A quantum satellite uses photons that are inextricably linked or “entangled” by quantum physics, to communicate with a ground station. The quantum-entangled link allows for the teleportation of information at the speed of light, but also means that any attempt to intercept the signal immediately severs the link, making hacking impossible. Quantum communication satellites will become hubs of not only a future quantum internet, but hubs for hack-proof networks for transfer of classified data and communications—not to mention a command-and-control architecture that will be an integral part of space domain dominance.
Last month the European Space Agency announced a plan for a consortium of 20 companies to launch a quantum satellite in 2024. The satellite will be using quantum key distribution (QKD) technology. i.e. exchanging encryption keys only known between shared parties. for European quantum-secure communications networks. The satellite will fly in low earth orbit (LEO) and will be connected to an operations center based in Luxembourg.
Back in February the Singapore-based aerospace company SpeQtral also announced it will be launching its first QKD satellite, SpeQtral-1, in 2024 with the help of Singapore’s Office for Space Technology and Industry, and the French aerospace company Thales. Not waiting to be outdone in this regard, Virgin Orbit has partnered with UK company Arqit Quantum for no less than five launches of LEO QKD satellites, beginning in 2023. Interestingly, these launches would serve potential government customers with Arqit’s “Federated Quantum System,” which is currently available only to Five Eyes nations’ defense departments.

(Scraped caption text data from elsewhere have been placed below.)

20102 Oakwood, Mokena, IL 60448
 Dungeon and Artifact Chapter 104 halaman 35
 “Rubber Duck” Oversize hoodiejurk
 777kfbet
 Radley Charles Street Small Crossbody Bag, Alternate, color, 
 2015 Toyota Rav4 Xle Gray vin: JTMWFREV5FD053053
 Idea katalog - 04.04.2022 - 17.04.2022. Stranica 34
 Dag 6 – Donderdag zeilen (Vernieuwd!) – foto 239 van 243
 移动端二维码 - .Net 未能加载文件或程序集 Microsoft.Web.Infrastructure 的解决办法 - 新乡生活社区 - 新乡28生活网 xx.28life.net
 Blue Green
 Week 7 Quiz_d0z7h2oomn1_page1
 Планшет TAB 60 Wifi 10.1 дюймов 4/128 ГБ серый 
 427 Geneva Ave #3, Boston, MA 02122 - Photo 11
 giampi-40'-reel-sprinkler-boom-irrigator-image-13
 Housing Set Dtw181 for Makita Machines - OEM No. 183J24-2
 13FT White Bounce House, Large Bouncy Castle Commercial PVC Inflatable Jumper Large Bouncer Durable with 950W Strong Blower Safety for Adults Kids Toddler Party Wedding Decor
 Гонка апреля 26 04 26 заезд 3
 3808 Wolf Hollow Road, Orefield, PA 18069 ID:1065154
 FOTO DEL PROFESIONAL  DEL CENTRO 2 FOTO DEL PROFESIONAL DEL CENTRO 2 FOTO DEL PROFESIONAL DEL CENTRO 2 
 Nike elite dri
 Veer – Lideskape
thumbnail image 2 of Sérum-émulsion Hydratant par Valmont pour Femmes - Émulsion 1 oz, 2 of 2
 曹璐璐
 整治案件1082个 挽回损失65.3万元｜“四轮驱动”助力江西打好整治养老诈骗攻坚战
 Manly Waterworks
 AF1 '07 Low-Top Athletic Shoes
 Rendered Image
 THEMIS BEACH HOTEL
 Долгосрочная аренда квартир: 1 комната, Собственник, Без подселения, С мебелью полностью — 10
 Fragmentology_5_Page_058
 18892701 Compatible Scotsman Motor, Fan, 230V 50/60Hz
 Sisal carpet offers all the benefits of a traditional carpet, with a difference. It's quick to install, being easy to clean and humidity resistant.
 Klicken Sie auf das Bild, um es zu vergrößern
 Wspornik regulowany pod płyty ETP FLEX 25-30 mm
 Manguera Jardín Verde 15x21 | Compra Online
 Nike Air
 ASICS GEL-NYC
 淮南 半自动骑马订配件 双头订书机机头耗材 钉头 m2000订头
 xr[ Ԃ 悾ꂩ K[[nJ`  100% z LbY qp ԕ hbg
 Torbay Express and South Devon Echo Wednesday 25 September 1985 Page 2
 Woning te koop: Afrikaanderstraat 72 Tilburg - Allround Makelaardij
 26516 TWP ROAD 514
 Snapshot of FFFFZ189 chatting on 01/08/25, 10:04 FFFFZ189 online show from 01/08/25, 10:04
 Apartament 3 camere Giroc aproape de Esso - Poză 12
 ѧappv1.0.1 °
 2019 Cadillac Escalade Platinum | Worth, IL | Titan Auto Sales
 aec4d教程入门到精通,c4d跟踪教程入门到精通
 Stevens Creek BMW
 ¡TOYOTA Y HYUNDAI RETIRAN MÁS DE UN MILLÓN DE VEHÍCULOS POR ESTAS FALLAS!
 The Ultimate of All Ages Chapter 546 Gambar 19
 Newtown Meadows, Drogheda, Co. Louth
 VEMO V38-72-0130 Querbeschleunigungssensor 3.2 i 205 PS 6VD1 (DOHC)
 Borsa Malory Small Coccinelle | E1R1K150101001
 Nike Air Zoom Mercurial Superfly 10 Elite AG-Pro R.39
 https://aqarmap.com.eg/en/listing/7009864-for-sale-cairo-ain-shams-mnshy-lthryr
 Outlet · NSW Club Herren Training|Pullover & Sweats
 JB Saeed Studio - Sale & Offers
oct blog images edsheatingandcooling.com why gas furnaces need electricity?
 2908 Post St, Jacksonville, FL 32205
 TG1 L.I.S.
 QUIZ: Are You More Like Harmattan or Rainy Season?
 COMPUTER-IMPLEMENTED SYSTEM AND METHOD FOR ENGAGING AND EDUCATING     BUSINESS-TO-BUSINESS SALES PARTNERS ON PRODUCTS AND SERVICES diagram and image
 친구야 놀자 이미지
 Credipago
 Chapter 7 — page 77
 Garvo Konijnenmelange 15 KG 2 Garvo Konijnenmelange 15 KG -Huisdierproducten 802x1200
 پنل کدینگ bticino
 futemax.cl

QKD is a proven technology: companies like IDQuantique in Switzerland and QLabs in Australia have been providing quantum encryption for customers for years (full disclosure: both are charter members of Hudson Institute’s Quantum Alliance Initiative). Deploying that technology in space is trickier, and all these satellite projects will be experiments—at least at first. But it was China that launched the first quantum satellite in 2016, dubbed Micius, and a year later used it to establish how to achieve long-distance QKD communication between ground stations set more than 1200 km apart. In July China sent up a second quantum-encrypting satellite, that is reportedly one-sixth the mass of its 2016 predecessor.
In addition, according to Science Daily, in August China’s orbiting Tiangong-2 space lab transmitted quantum-encryption keys to four ground stations—the same ground stations able to receive quantum keys from the orbiting Micius satellite, which uses the space station as a repeater.
All these are steps toward creating a constellation of quantum-encryption-compatible satellites across a range of orbits, conveying long-distance communications that are unhackable and opaque to those not privy to the quantum key.
So where is the US in all this? Strangely, even though the first-ever QKD network was created by the Defense Advanced Research Projects Agency in 2003, our government and especially our National Security Agency have been largely incurious about the possibilities of entanglement-based communication and QKD, while suggesting the Chinese interest in the technology has been a waste of time and money. Recently the Air Force Research Lab has funded research on using drones for quantum-entangled networks, but those who oversee these efforts don’t see how using a quantum technology that only works when satellite and ground station are in perfect alignment, marks much improvement on current systems.
Although the US CHIPS and Science Act of 2022, signed by President Biden in August, allocates more than $153 million a year for quantum computing and networks, it’s not likely to encourage more work toward QKD-based systems in the sky.
That attitude may have to change, however, if the Chinese and Europeans are able to demonstrate how to create a true QKD-based network using multiple satellites connected to multiple ground stations—a network beyond the reach of even the most sophisticated hacker.
All things considered, if the US is going to enter the quantum satellite race, it’s unlikely to do so on its own. Instead, those who would like to see America take advantage of this emerging technological matchup will need to encourage a foreign partner to step up and offer to help motivate our scientists, engineers, and eventually the government to take this next great quantum leap, this time into the realm of space.